There is a chef recipe with a ruby-block. The ruby-block is executed until a socket connection can be established (retries 10). In case no connection can be established the ruby-block should not fail (ignore_failure).
Example:
ruby_block 'wait for service' do
block do
require 'socket'
require 'timeout'
Timeout.timeout(2) do
s = TCPSocket.new('127.0.0.1', 8080)
s.close
end
end
retries 10
retry_delay 5
ignore_failure true
action :run
end
The chef documentation isn't clear about whether the ruby-block is executed repeatedly or not when the ignore_failure
is set to true
.
When the script is executed and no service is listening on port 8080 the execution of the chef recipe continues after the first attempt with the following message:
ERROR: ruby_block[wait for service] (cookbook::wait_for_service line 1) had an error: Errno::ECONNREFUSED: Connection refused - connect(2) for "127.0.0.1" port 8080; ignore_failure is set, continuing
...
Error executing action run on resource 'ruby_block[wait for service]'
Errno::ECONNREFUSED
-------------------
Connection refused - connect(2) for "127.0.0.1" port 8080
...
Due to the ruby_block declaration I would thing that the ruby is executed 10 times before reporting an ERROR
.
I've tested your scenario with Chef version 12.19.36 and really it happens that if both ignore_failure
and retries
are specified only ignore_failure is applied while retries is ignored.
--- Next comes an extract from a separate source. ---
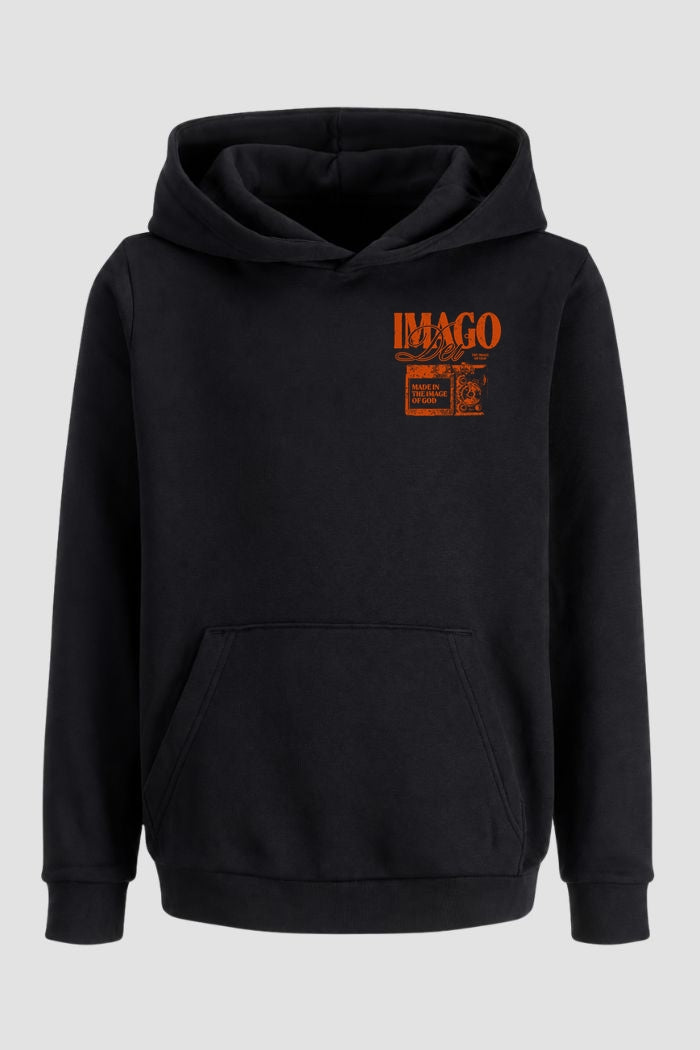 Moletom n. 113 - Imago Dei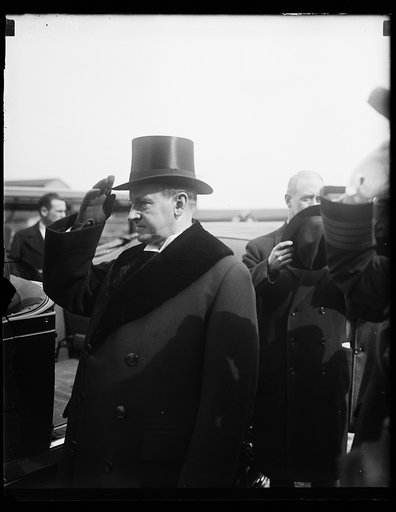 Calvin Coolidge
Also here Chef documentation isn't clear about this specific scenario and so it is not possible to solve your issue doing that.
Anyway you can solve manually implementing the retries and retry_delay logic as follow:
ruby_block 'wait for service' do
block do
require 'socket'
require 'timeout'
retry_delay = 5
retries = 10
1.upto(retries) do |n|
err_msg = ""
begin
Timeout::timeout(retry_delay) do
begin
s = TCPSocket.new('8.8.8.8', 52)
s.close
puts("Service is listening on")
break
rescue Errno::ECONNREFUSED
err_msg = "Port is open but no service is listening on"
rescue Errno::EHOSTUNREACH
err_msg = "Unable to connect to the service"
end
end
rescue Timeout::Error
err_msg = "Timeout reached"
end
if n == retries
raise "Unabled to reach server in #{retries} attempts"
else
puts "Failed to reach server on attempt [#{n}/#{retries}]. Cause is: [#{err_msg}]. Waiting #{retry_delay} seconds and retry."
sleep(retry_delay)
end
end
end
ignore_failure true
action :run
end
You can also improve the code creating a common function execute_with_retry with a lambda function as input in order to simply reuse this logic on your recipes when needed.